++++ Data in this exercise ++++

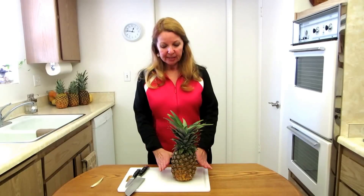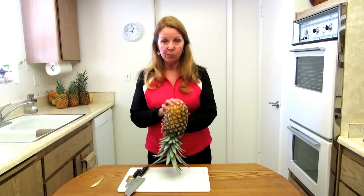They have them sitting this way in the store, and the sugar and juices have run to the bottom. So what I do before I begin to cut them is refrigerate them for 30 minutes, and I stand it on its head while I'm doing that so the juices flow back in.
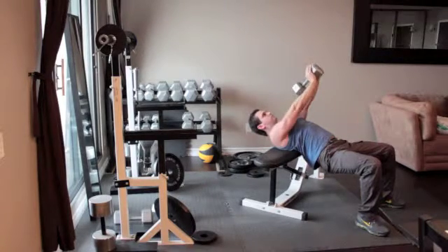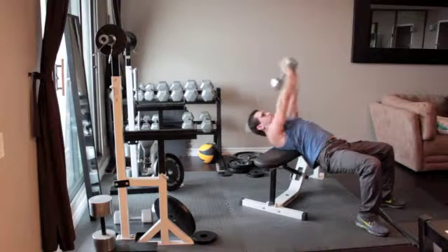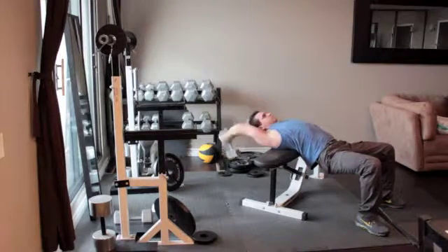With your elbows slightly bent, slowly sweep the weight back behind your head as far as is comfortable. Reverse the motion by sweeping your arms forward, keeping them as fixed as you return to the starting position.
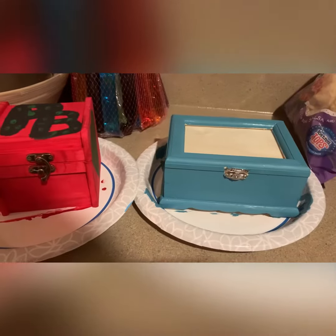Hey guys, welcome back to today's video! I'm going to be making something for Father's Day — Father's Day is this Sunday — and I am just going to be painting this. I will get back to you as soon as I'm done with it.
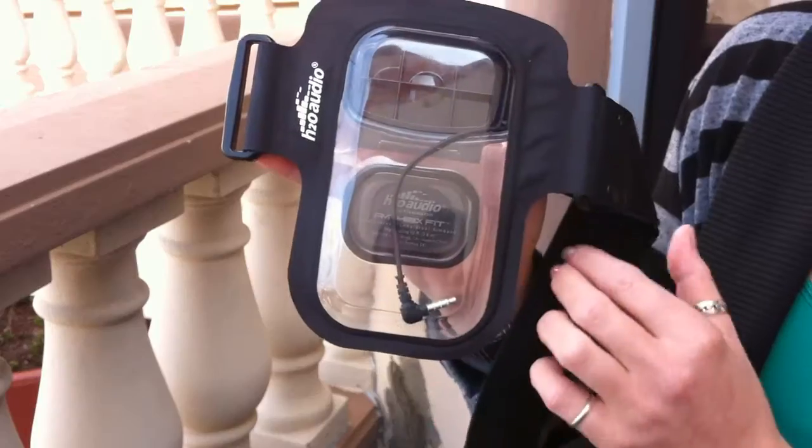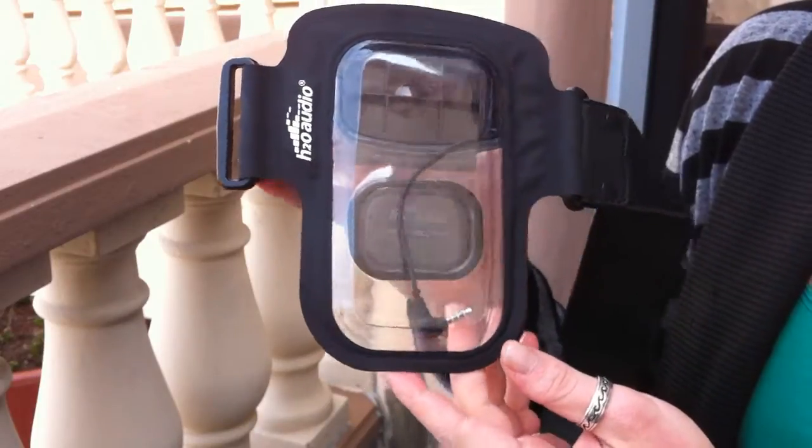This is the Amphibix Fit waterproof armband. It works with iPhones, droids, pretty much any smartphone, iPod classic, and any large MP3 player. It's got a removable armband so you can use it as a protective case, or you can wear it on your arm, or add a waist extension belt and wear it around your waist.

++++
++++ Data in this exercise ++++

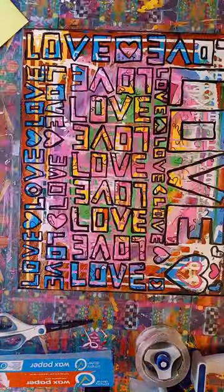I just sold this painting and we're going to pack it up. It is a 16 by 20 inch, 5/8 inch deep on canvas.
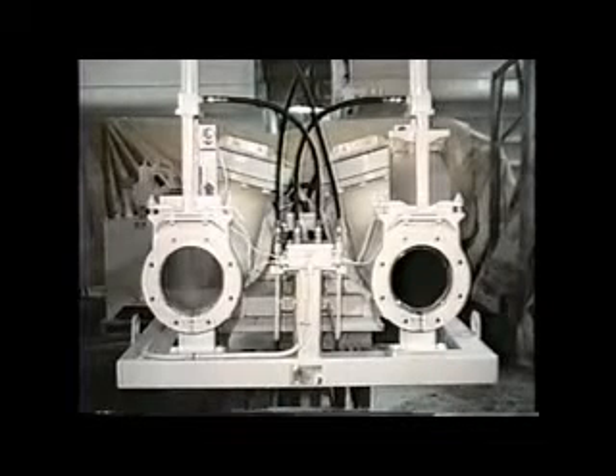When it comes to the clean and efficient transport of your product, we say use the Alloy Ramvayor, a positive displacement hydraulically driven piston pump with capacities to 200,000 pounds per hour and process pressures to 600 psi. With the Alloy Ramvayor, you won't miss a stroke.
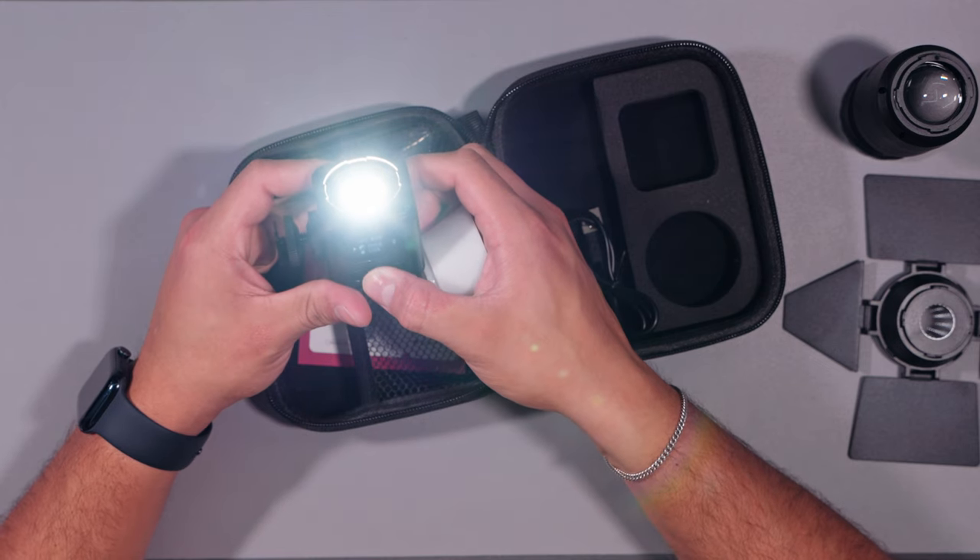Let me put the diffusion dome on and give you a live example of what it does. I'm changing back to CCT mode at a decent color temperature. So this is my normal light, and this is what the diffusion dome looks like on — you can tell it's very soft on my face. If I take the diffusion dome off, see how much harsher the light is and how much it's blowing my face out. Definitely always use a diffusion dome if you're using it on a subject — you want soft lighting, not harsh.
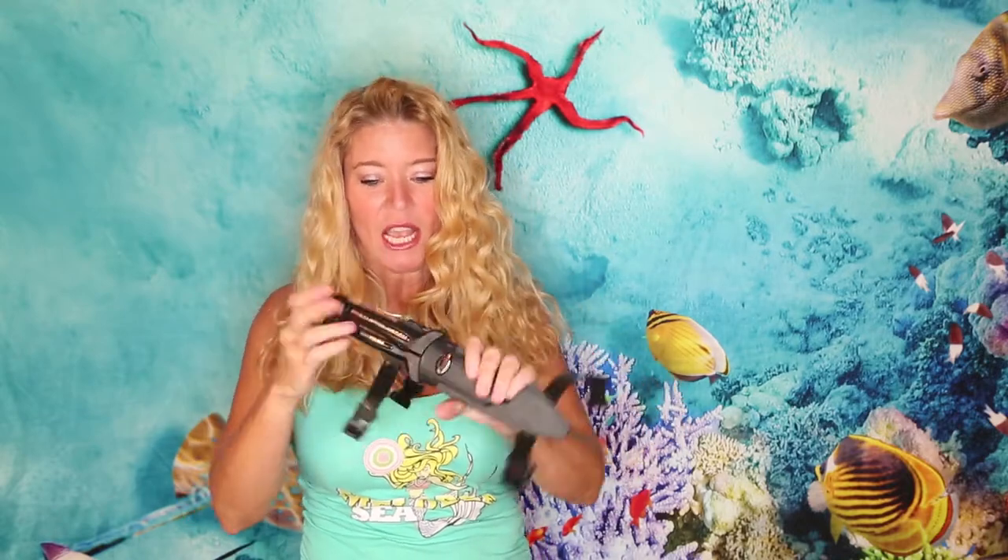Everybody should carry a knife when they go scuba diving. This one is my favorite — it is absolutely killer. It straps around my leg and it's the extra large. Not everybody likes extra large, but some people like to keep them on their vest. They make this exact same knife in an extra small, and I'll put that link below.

++++
++++ Data in this exercise ++++

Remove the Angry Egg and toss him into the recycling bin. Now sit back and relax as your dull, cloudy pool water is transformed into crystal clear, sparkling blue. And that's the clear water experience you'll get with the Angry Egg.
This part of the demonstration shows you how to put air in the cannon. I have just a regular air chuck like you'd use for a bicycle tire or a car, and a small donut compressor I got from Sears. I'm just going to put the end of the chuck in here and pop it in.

++++

Reproducing the whole listing above is not the task. Copy exactly only the lines from the one with "Remove the Angry" to the one with "This part of", both kept.

Solution for this task:
Remove the Angry Egg and toss him into the recycling bin. Now sit back and relax as your dull, cloudy pool water is transformed into crystal clear, sparkling blue. And that's the clear water experience you'll get with the Angry Egg.
This part of the demonstration shows you how to put air in the cannon. I have just a regular air chuck like you'd use for a bicycle tire or a car, and a small donut compressor I got from Sears. I'm just going to put the end of the chuck in here and pop it in.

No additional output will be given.